Report by Ole Morten Lyng with Edvard Mogstad
On Saturday, 29th September PROUT Norge (Prout Norway) participated in the demonstration they had catalyzed to raise consciousness about the import of soy from Brazil as feed for livestock and fisheries. Approximately 100 participants gathered including members and activists from LAG (Latin American Groups of Norway), NU (Nature and Youth), and Nyt Orientering (New Orientation).
The protest received significant coverage in two major newspapers, Nationen (The Nation) and Aftenposten (Evening Post). Prior to this action on the streets an article by Ole Morten Lyng discussing the topic was widely circulated in various media.
In recent decades, Norwegian agriculture has been portrayed as being an important part of developing the local economy, especially dairy and pork production. Traditionally the feed for livestock has been based on hay or other products grown in Norway. After the development of power feed, fish oil and fish products have been used.
Nowadays however, soy imported from huge farms in the Brazilian savanna of Mato Grosso, comprise 50% of the ingredients in the power feed. The Brazilian soy farms are based on mono culture farming and are very harmful to the environment. Usually the original small farmers, many of whom were native peoples, have been expelled, bought out or otherwise gotten rid of. Many of them now work as seasonal farm hands, more or less in what can be termed as slave conditions. Along the main routes one can find collections of shacks where these people live.
The owners of these farms are normally agro investors who speculate in big farming. They belong to the Brazilian elite, living in the big cities, who control and determine the direction of this socially and economically very divided country. Amagii, the corporation that owns and controls the soy export to Norway also holds majority stock in Denofa, the Norwegian firm that imports the soy.
Fish farming is another important area of production that brings great revenues to Norway. In fact it comes as second or third after oil exports. The fish feed also depends on Brazilian soy. The same applies to the fish farming industry as to animal rearing.
For Norwegian agriculture and fish farming to depend on imports from the other side of the world is unacceptable. It is receiving more attention these days and therefore efforts have been initiated to find local alternatives. These efforts need to be intensified and given priority. Norwegian authorities insist that the soy imported complies with Norwegian regulations regarding insecticides, pest control and rain forest destruction. Amaggi insists upon the same. There have been investigative delegations on site in Mato Grosso from Norway, from LAG as well as The Future Is in Our Hands (Framitden i Var Handen), to check for compliance with the regulations. They were allowed to visit the offices of Amaggi but not the individual farms in question.

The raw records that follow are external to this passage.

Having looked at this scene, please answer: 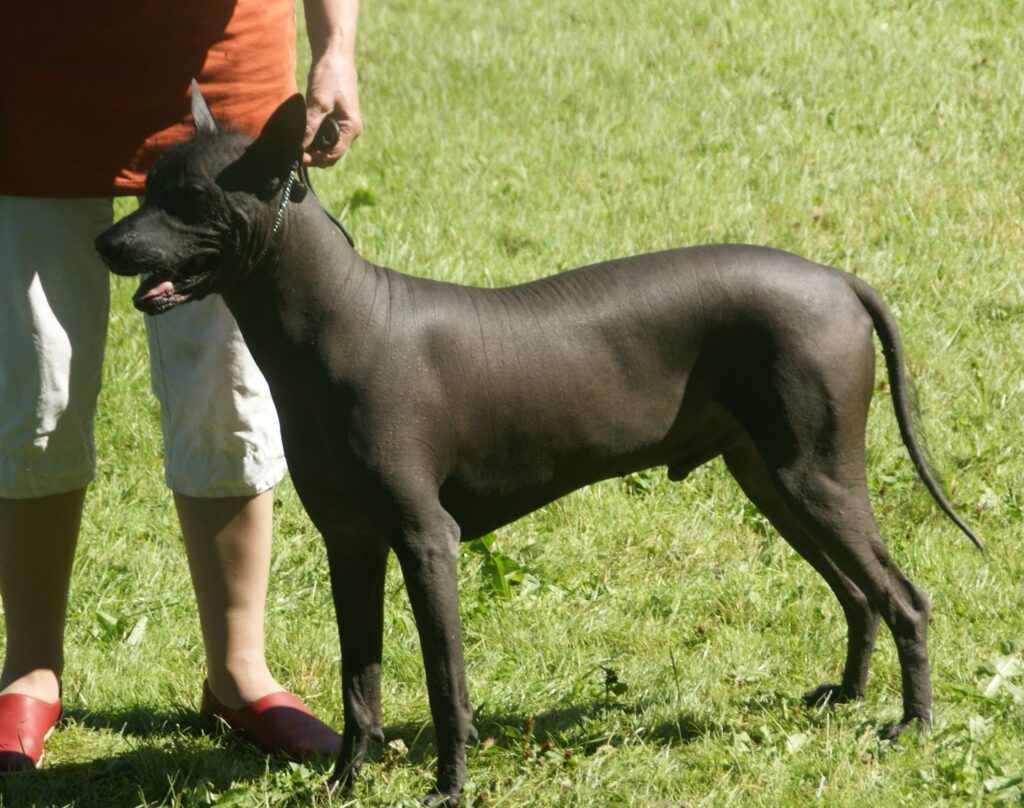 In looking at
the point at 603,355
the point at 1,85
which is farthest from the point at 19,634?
the point at 603,355

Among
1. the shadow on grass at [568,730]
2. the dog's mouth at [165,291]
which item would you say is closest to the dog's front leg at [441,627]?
the shadow on grass at [568,730]

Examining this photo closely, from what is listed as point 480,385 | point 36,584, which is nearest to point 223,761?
point 36,584

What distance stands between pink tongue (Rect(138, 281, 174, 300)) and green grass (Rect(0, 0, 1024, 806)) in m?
1.35

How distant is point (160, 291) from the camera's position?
298 centimetres

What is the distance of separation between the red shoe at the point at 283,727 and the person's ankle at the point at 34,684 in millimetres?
475

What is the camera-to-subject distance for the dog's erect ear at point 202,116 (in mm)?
3102

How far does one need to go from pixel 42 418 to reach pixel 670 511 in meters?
2.30

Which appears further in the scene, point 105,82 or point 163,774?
point 163,774

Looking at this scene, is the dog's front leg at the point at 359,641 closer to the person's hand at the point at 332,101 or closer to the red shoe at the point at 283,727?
the red shoe at the point at 283,727

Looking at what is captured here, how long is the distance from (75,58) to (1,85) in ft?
0.72

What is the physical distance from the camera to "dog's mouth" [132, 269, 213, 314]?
9.72 ft

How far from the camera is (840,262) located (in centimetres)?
660

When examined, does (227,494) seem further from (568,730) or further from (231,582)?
(568,730)

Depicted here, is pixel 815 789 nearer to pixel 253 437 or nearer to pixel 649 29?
pixel 253 437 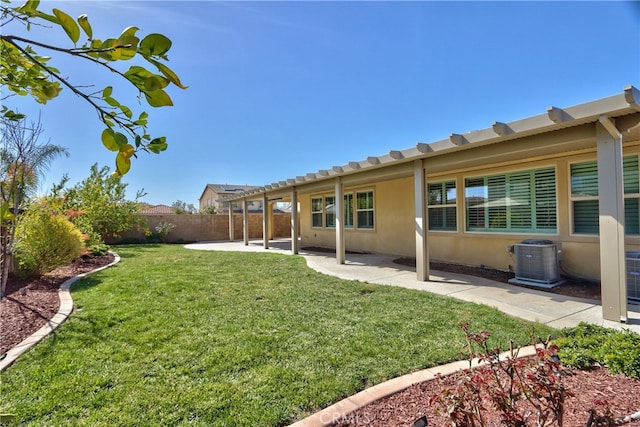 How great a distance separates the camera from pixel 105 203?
17516mm

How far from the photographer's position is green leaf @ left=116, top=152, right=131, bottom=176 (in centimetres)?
81

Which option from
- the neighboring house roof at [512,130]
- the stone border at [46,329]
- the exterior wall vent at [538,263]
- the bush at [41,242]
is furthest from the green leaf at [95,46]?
the bush at [41,242]

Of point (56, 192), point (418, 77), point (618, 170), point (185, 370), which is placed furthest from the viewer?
point (56, 192)

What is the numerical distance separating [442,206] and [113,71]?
33.8 feet

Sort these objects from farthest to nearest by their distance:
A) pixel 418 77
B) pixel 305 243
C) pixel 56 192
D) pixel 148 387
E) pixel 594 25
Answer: pixel 305 243
pixel 56 192
pixel 418 77
pixel 594 25
pixel 148 387

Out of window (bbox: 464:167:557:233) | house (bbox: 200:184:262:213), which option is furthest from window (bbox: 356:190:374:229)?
house (bbox: 200:184:262:213)

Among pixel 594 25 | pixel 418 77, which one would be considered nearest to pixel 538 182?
pixel 594 25

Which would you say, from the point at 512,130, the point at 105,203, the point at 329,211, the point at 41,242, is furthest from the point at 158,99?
the point at 105,203

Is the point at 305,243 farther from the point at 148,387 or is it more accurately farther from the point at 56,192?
the point at 148,387

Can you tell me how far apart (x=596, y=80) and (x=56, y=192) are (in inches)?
676

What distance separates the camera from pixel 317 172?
10664 millimetres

It’s difficult to guarantee the so-called Norwegian farms are adhering to best environmental practices or whether they comply with Norwegian rules or not. Even if they are, the underlying problem of Norwegian economic self-sufficiency remains. And the status quo only perpetuates a highly unjust agricultural system that harms the local population as well as the environment. Moreover, monocultural faming is a global problem that threatens the planet as a whole.